**What you have to do:** Set each line of the material below down word for word, from the first through the line that holds "Caramelized sugar, butter, and", but not the pictures.

**Supplied material:**
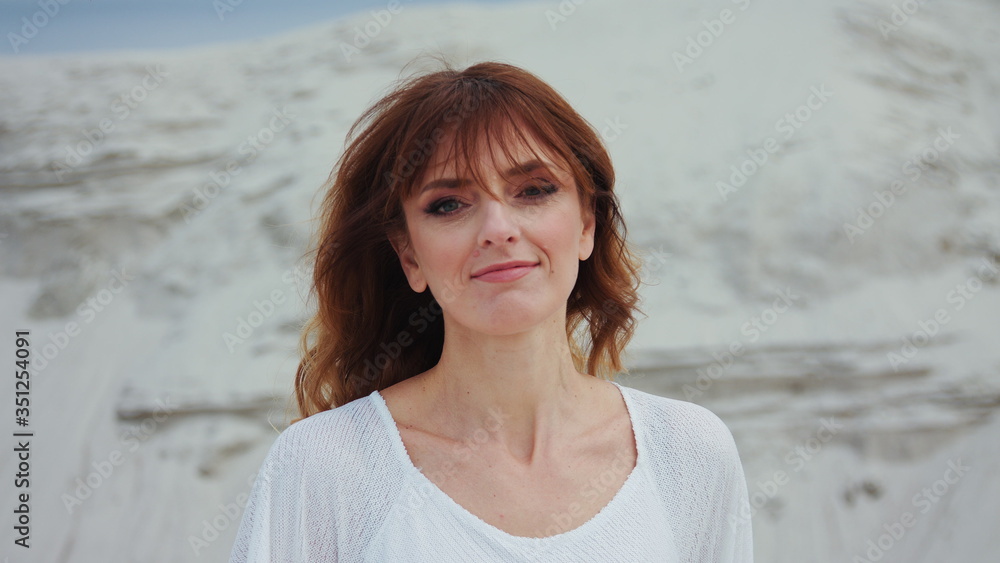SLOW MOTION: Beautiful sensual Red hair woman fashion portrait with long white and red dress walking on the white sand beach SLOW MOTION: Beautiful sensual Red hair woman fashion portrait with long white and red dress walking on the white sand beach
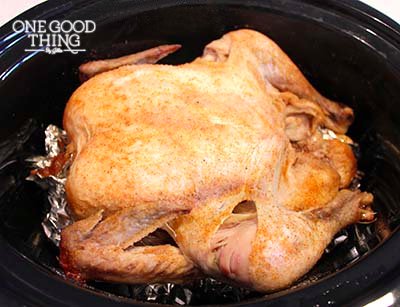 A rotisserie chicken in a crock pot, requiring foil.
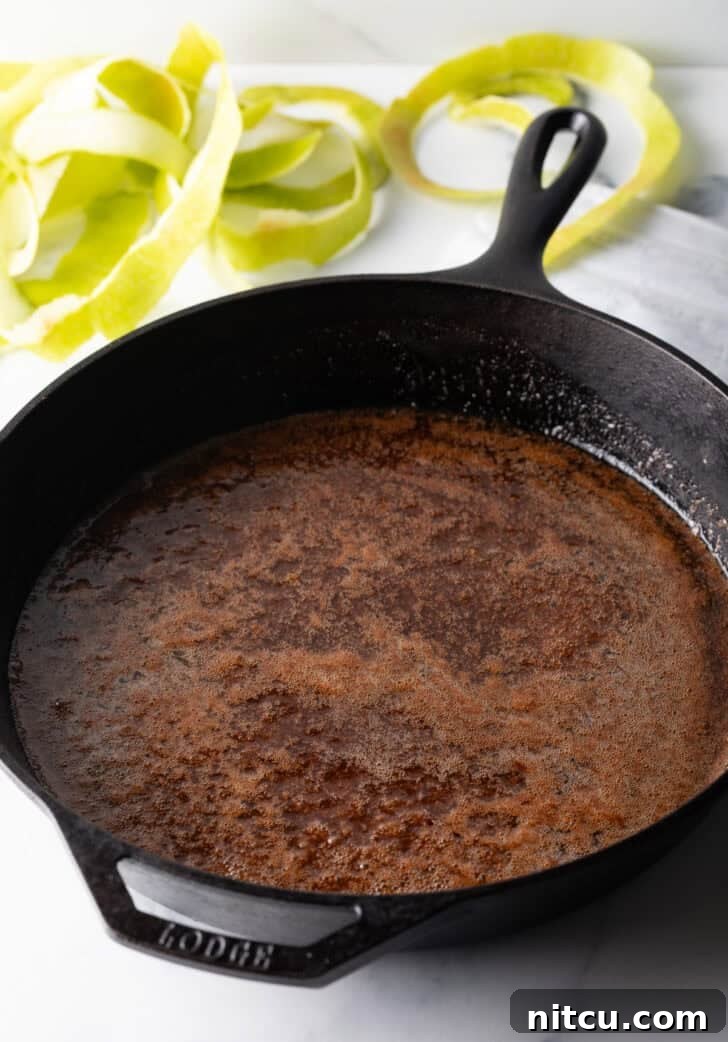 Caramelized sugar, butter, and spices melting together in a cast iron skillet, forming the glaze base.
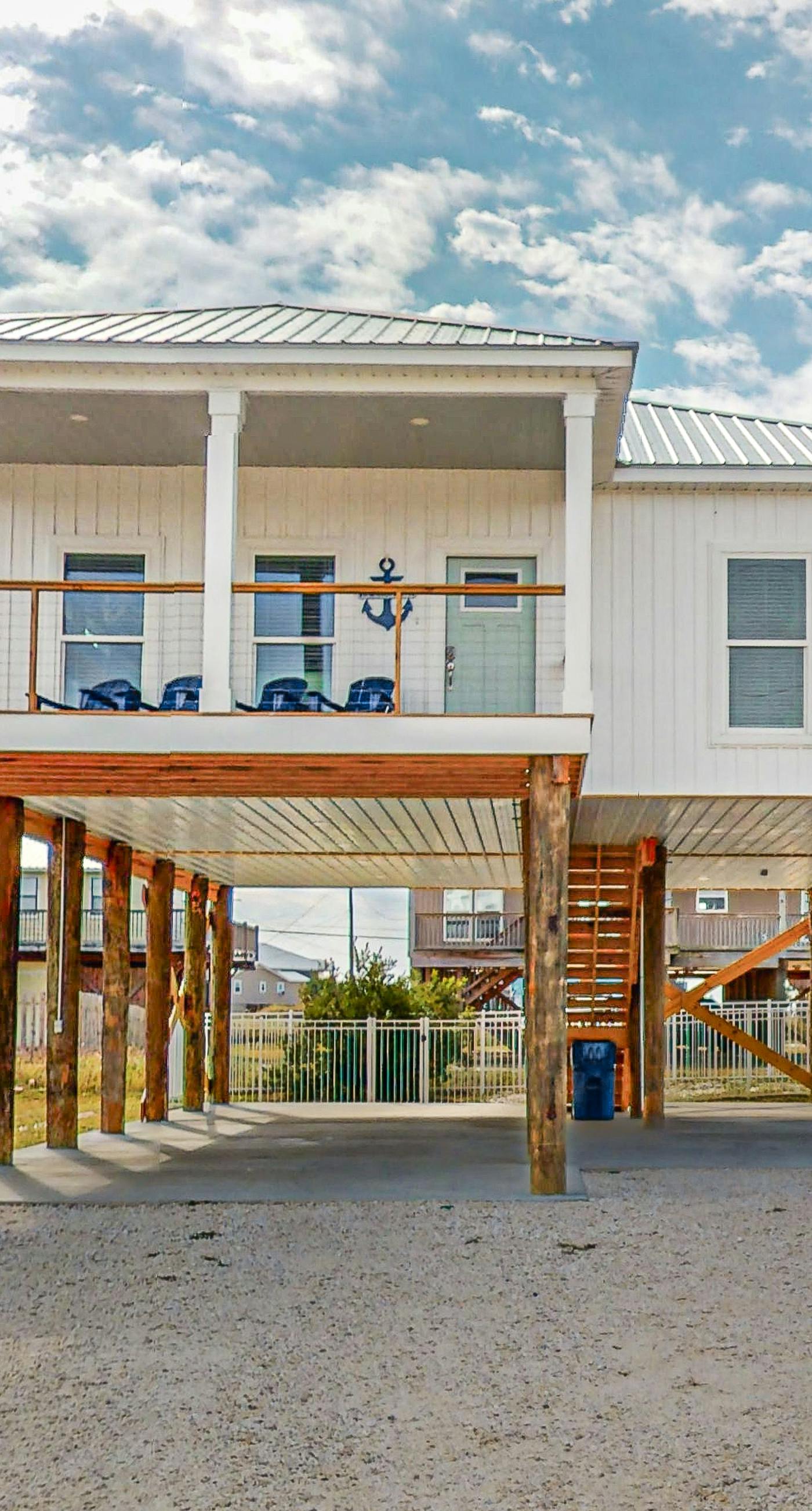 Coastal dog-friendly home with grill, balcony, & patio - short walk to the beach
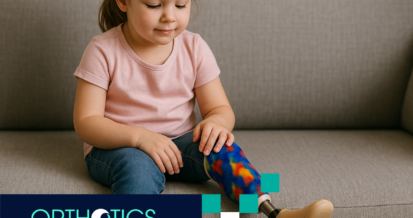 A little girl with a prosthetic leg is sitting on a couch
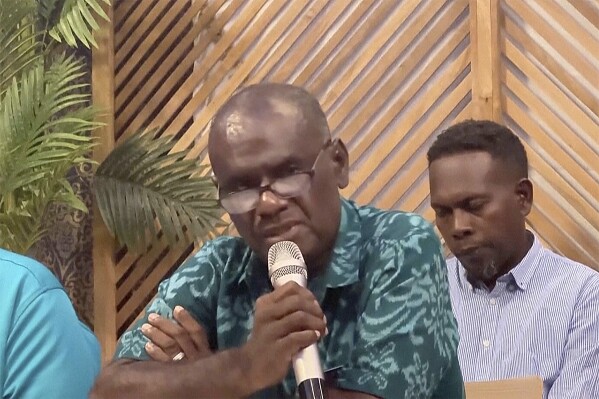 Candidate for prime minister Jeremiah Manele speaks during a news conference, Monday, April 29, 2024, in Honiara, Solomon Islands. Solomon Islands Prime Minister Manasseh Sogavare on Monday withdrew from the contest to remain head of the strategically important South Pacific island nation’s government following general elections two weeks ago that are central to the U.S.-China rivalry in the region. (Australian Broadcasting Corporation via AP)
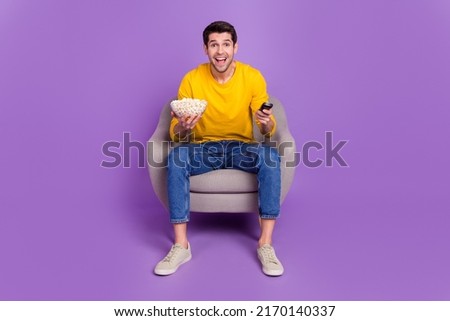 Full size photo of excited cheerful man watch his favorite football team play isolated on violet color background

**Expected output:**
SLOW MOTION: Beautiful sensual Red hair woman fashion portrait with long white and red dress walking on the white sand beach SLOW MOTION: Beautiful sensual Red hair woman fashion portrait with long white and red dress walking on the white sand beach
 A rotisserie chicken in a crock pot, requiring foil.
 Caramelized sugar, butter, and spices melting together in a cast iron skillet, forming the glaze base.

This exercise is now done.